--- DATASET EXTRACT Enclosed Below ---

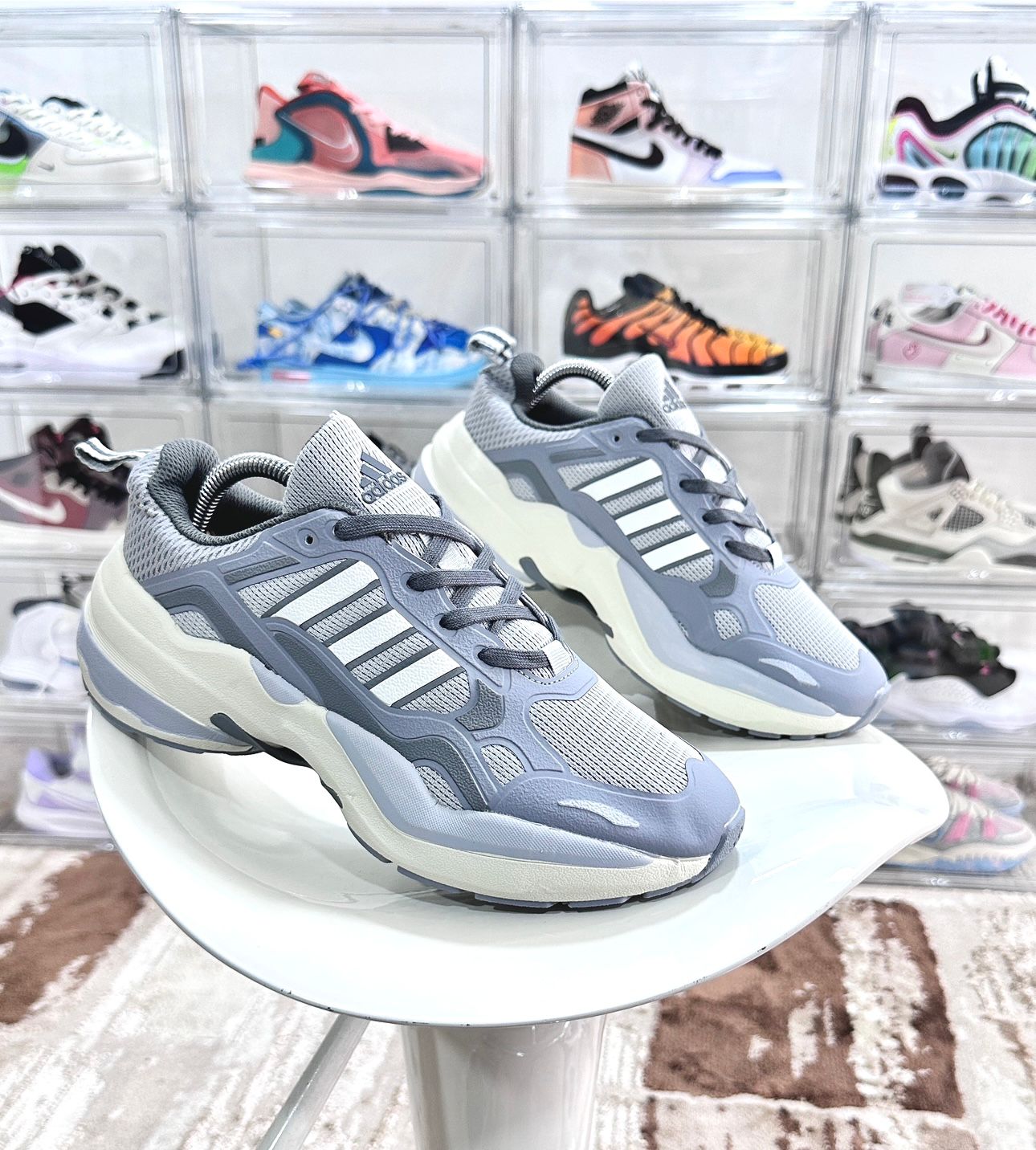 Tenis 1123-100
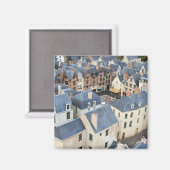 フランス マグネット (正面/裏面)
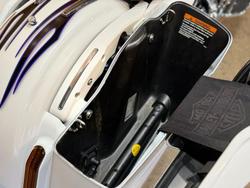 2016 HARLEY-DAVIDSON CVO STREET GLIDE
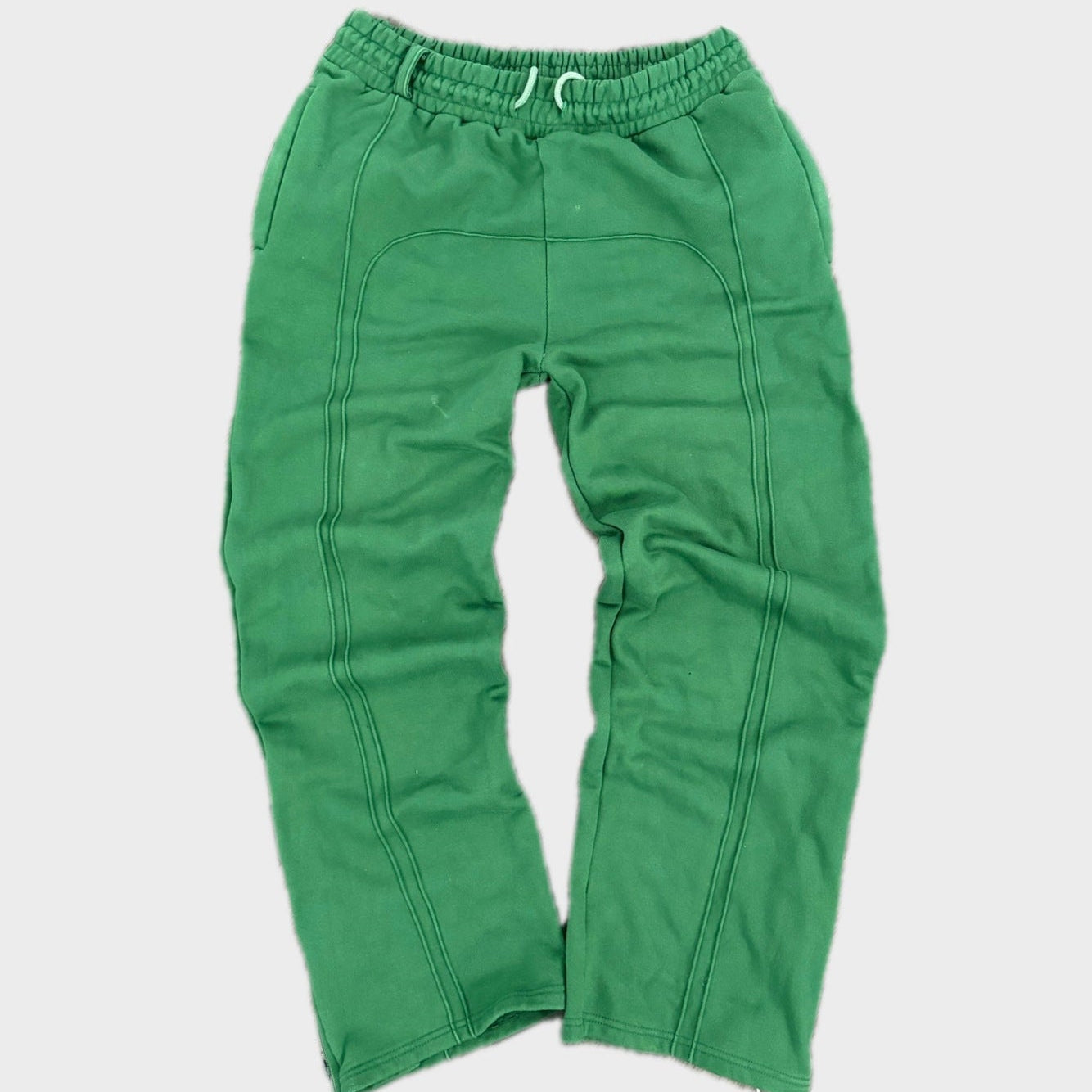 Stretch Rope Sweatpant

--- End of Enclosed DATASET EXTRACT ---
--- DATASET EXTRACT Enclosed Below ---

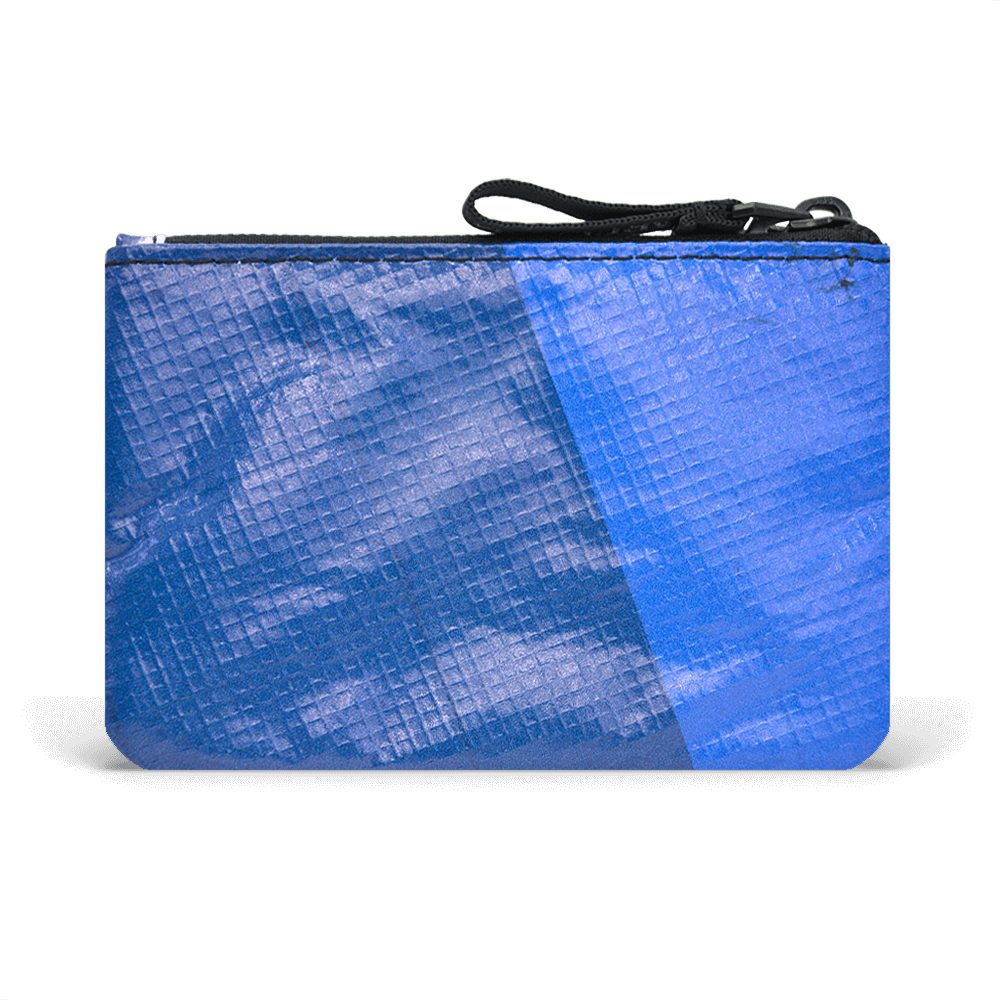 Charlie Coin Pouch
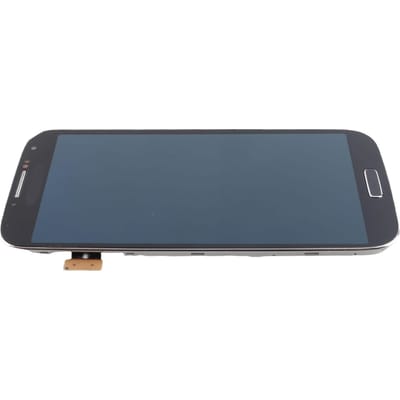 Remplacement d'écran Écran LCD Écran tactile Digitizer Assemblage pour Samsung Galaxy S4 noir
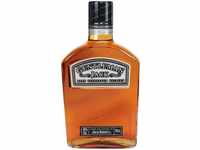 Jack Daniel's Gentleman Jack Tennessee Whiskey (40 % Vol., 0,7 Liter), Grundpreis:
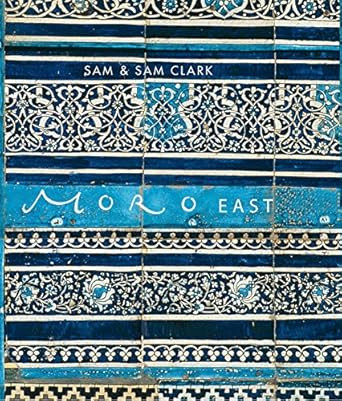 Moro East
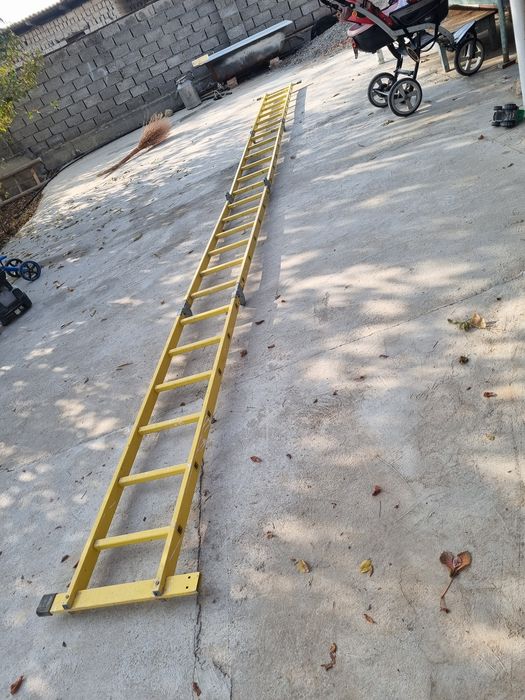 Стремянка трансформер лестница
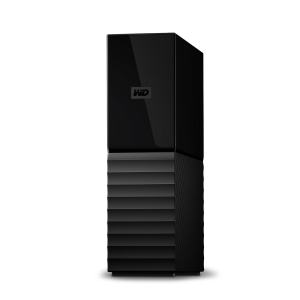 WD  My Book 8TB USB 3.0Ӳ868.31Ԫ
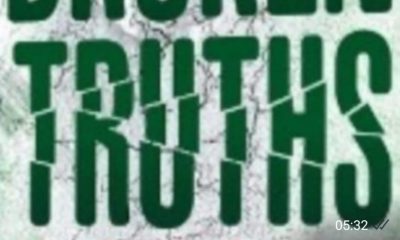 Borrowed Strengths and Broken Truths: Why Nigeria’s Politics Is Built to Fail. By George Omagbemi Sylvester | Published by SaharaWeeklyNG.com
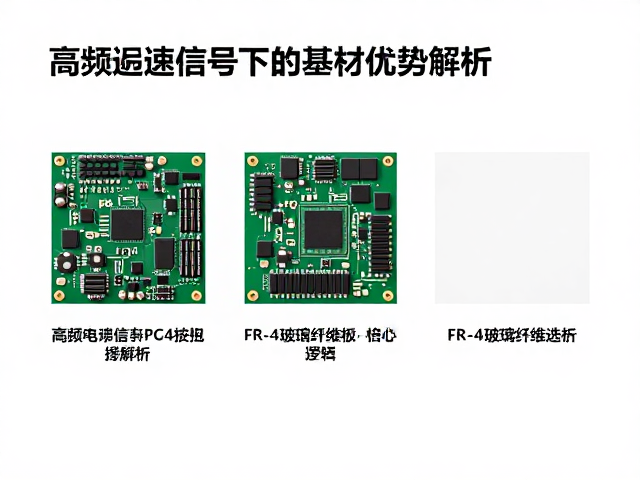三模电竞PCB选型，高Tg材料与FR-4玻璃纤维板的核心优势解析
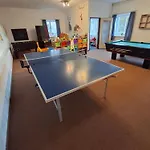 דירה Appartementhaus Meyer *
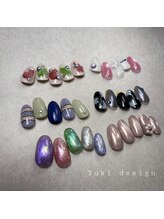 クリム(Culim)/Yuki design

--- End of Enclosed DATASET EXTRACT ---

THE PROBLEM
All lines above starting at the one with "フランス マグネット (正面/裏面)" and ending at the one with "Stretch Rope Sweatpant", inclusive, are to be printed again exactly, with the pictures left out.

SOLUTION FOR THIS EXERCISE
 フランス マグネット (正面/裏面)
 2016 HARLEY-DAVIDSON CVO STREET GLIDE
 Stretch Rope Sweatpant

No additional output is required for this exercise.